Prolonged K$^+$ channel opening increases neurotransmitter release from the soma, narrowing the spike via hormonal feedback
Prolonged K$^+$ channel opening raises intracellular K$^+$ enough to reverse the K$^+$ gradient, decreasing after-hyperpolarization
Enhanced K$^+$ efflux accelerates repolarization and deepens after-hyperpolarization by driving $V_m$ toward $E_K$
Enhanced K$^+$ efflux slows repolarization by preventing Na$^+$ channel inactivation, widening the spike
Explanation
This question tests understanding of action potential repolarization in the nervous system.
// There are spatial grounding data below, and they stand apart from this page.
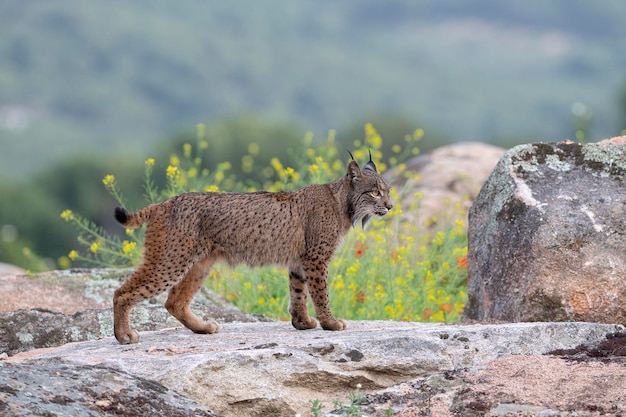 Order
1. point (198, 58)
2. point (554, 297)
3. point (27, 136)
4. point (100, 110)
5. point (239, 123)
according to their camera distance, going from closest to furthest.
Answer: point (554, 297) → point (239, 123) → point (27, 136) → point (100, 110) → point (198, 58)

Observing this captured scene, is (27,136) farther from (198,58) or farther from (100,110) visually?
(198,58)

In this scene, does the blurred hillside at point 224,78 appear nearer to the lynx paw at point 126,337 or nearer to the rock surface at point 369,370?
the lynx paw at point 126,337

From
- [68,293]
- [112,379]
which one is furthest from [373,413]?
[68,293]

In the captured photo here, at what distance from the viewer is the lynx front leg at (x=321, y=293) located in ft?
28.5

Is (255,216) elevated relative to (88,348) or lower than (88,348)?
elevated

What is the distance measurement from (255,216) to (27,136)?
140797 mm

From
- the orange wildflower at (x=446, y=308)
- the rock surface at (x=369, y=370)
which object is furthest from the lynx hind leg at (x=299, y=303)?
the orange wildflower at (x=446, y=308)

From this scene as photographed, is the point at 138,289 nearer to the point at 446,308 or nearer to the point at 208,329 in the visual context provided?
the point at 208,329

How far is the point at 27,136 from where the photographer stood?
144625 millimetres

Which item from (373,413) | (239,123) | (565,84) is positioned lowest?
(373,413)

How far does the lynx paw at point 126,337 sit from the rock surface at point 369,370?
35 centimetres

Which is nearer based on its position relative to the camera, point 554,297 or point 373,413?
point 373,413


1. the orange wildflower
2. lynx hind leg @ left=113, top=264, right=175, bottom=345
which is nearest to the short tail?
lynx hind leg @ left=113, top=264, right=175, bottom=345

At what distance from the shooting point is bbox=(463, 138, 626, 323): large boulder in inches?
346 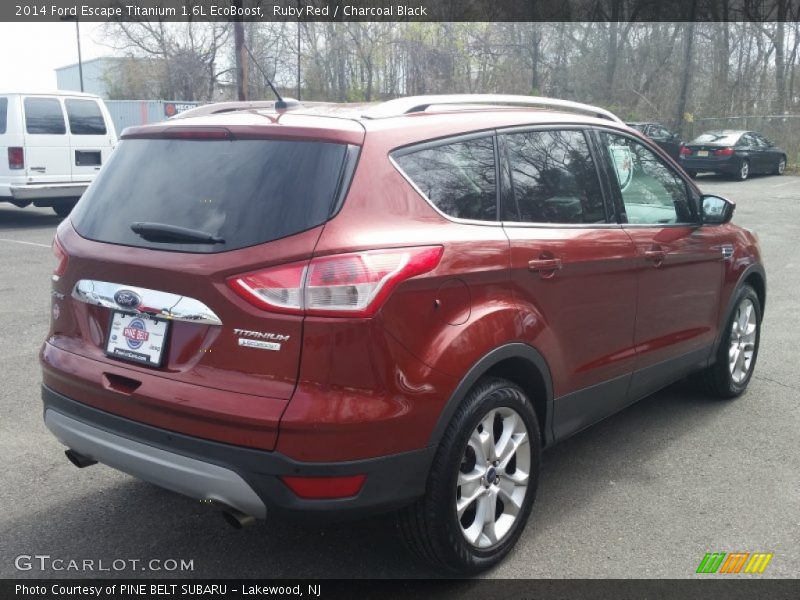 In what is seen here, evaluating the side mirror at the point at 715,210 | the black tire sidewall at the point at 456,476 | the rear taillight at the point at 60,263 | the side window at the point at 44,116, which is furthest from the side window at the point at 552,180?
the side window at the point at 44,116

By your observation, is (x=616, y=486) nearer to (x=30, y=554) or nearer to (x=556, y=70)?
(x=30, y=554)

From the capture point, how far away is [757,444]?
4629 mm

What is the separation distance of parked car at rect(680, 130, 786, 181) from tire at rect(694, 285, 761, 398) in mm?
20648

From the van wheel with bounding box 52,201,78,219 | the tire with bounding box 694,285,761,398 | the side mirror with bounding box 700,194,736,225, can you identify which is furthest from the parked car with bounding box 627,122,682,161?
the side mirror with bounding box 700,194,736,225

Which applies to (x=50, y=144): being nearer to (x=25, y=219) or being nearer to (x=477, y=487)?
(x=25, y=219)

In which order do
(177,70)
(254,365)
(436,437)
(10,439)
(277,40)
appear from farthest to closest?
(177,70) < (277,40) < (10,439) < (436,437) < (254,365)

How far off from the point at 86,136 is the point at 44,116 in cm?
80

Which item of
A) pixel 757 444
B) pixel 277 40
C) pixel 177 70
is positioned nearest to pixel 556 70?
pixel 277 40

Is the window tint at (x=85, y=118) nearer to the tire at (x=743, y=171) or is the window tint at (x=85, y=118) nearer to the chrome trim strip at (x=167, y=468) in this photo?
the chrome trim strip at (x=167, y=468)

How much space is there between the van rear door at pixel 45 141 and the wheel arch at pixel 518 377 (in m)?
12.2

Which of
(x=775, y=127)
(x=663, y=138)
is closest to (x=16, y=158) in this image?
(x=663, y=138)

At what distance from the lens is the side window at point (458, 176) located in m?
3.07

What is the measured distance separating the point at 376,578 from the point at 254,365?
1071 mm

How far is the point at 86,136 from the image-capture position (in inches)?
565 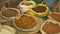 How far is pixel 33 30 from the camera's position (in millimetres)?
1899

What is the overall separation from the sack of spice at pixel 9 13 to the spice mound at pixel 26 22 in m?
0.10

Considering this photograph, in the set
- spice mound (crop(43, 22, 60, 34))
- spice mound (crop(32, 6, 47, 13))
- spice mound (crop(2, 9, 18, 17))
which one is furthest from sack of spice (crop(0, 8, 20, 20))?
spice mound (crop(43, 22, 60, 34))

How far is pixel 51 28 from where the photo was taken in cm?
190

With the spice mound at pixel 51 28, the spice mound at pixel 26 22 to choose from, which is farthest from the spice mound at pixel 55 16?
the spice mound at pixel 26 22

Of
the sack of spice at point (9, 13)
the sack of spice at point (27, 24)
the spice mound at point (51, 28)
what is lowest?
the spice mound at point (51, 28)

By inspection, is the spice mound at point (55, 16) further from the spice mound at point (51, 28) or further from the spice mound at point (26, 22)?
the spice mound at point (26, 22)

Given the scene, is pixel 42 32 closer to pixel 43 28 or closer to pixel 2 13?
pixel 43 28

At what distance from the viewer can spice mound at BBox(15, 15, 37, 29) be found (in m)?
1.90

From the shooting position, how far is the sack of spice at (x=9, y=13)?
205 centimetres

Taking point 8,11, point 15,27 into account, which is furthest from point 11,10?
point 15,27

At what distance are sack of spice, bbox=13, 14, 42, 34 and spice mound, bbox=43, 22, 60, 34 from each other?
86mm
Voltage-gated potassium channels facilitate repolarization by allowing potassium efflux, restoring membrane potential to rest. Prolonging their open time enhances efflux, speeding repolarization and deepening after-hyperpolarization. The correct answer aligns because increased potassium conductance narrows the spike and amplifies hyperpolarization toward EK. A common distractor like option B fails by misunderstanding that enhanced potassium efflux accelerates, not slows, repolarization. For similar questions, analyze ion currents during AP phases. Verify that potassium modulation affects falling phase duration and refractory properties.